Friday, August 19, 2005

I Play Andy Rooney

Andy Rooney has made a career--a third career, by my count--of often stringing together unrelated observations in his 60 Minutes essays. I've got some observations that I could never turn into full-blown columns or blog posts. So, I've decided to play Andy Rooney...

With computer-based game systems, people don't play board games like they used to. It seems that the rare families who do still play them regularly are smarter than the rest of us. Are they smarter because they play board games? Or do they play board games because they're smarter?

My current fast food obsession-du-jour is a steak bowl at Chipotle. I can't get enough of it!

Until a few days ago, James Whitcomb Riley was nothing but a name to me. My wife was very familiar with him, though. So, on a trip back from the fantastic Abraham Lincoln Presidential Library and Museum in Springfield, Illinois, we stopped at Riley's boyhood home in Greenfield, Indiana. He lived from 1849 to 1916, and was designated variously as the Hoosier Poet and the Children's Poet, the latter because his poems explored childhood experiences. He appears to have been part Will Rogers, part Bill Cosby, part rock star, and part poet. In reading some of his work since, it's understandable why we don't learn about him in school: His poems are a bit archaic, not great literature, and written in a Hoosier dialect that young readers may find impenetrable.

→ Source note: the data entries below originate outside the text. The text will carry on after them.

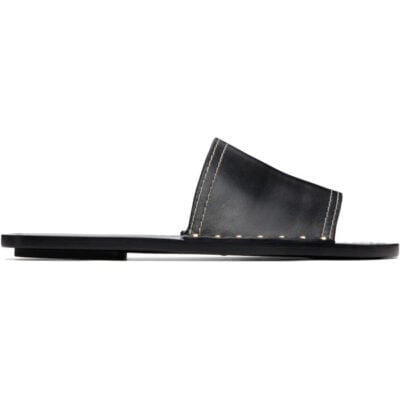 Totême Black Studded Leather Slide Sandals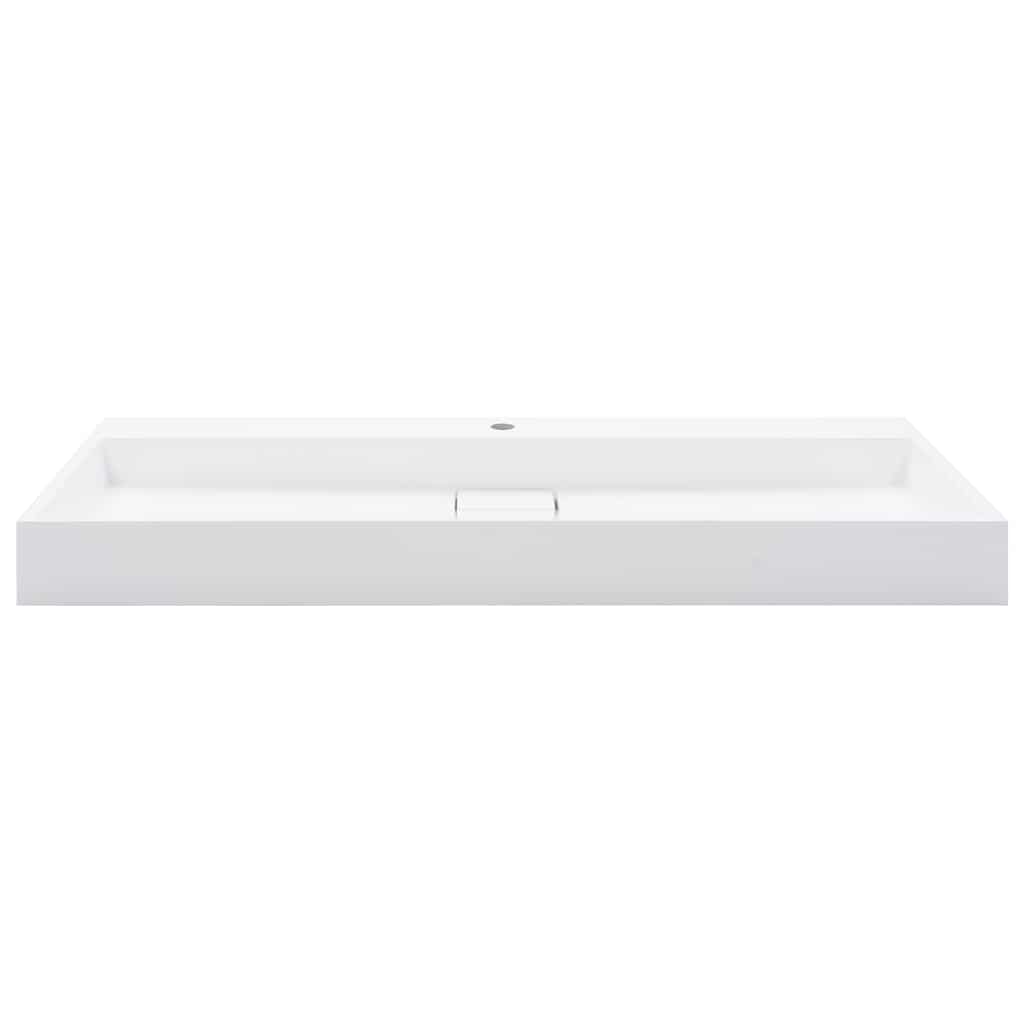 Vidaxl wastafel 120x46x11 cm mineraal gegoten marmer gegoten wit
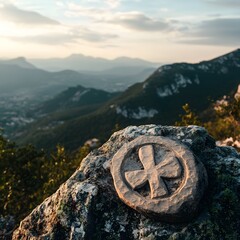 Mountaintop carving, tranquil vista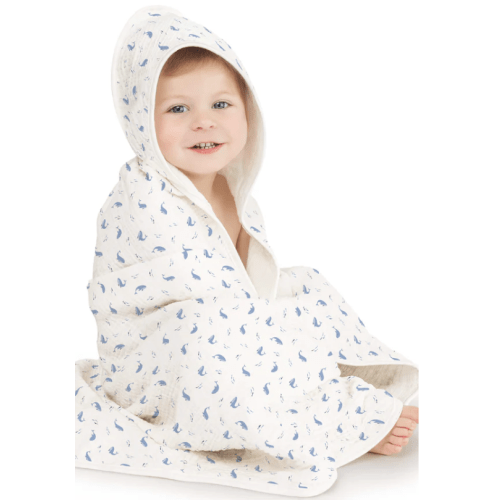 Whales Lyra Muslin Hooded Towel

But his life provides a good window through which to look at America in the late-nineteenth and early-twentieth centuries. By the way, the home is well-worth seeing and the tour guides are admirably dedicated to their work.

Can someone please explain to me the appeal of Eminem? And for that matter, while I like the genre of rap music, I can't understand why anyone would want to extol the virtues of hate or violence or materialism. What is up with that?

Can someone else explain to me why I like the music of Coldplay as much as I do? It's melancholy and I'm not usually into more than an occasional dollop of melancholy. Yet, at the end of a listen to their latest CD, X & Y, I don't feel down.

The judge who presided at yesterday's sentencing of Ohio Governor Bob Taft, is a guy I knew in college. Back then, Mark Froehlich and his twin brother were given the nicknames of Frick and Frack by some of the other OSU Young Democrats with whom they and I hung out. They were seen as being excitable and when the two of them were together, they would feed off of each other's enthusiasms, building what they deemed irrefutable cases for whatever their political hobby horses of the moment were. They were both intelligent people. Now that I know what Frick is doing, I can't help wondering whatever became of Frack.

Among the people I knew during my college years and the period in my early twenties when I was involved in politics, a number have gone on to political prominence: A state Democratic Party chair; a mayor of Cleveland; a mayor of Springfield, Ohio; at least two White House aides; numerous lobbyists. I never knew, but was very much aware of another guy who would go on to serve in Congress, John Kasich. Kasich was the vice presidential candidate of a slate running for seats in OSU's Undergraduate Student Government (USG) the same year I ran to be an assembly person on a different slate. Our slate won. But Kasich seemed never to have lost his political momentum.

I wonder if they ever play board games with their families?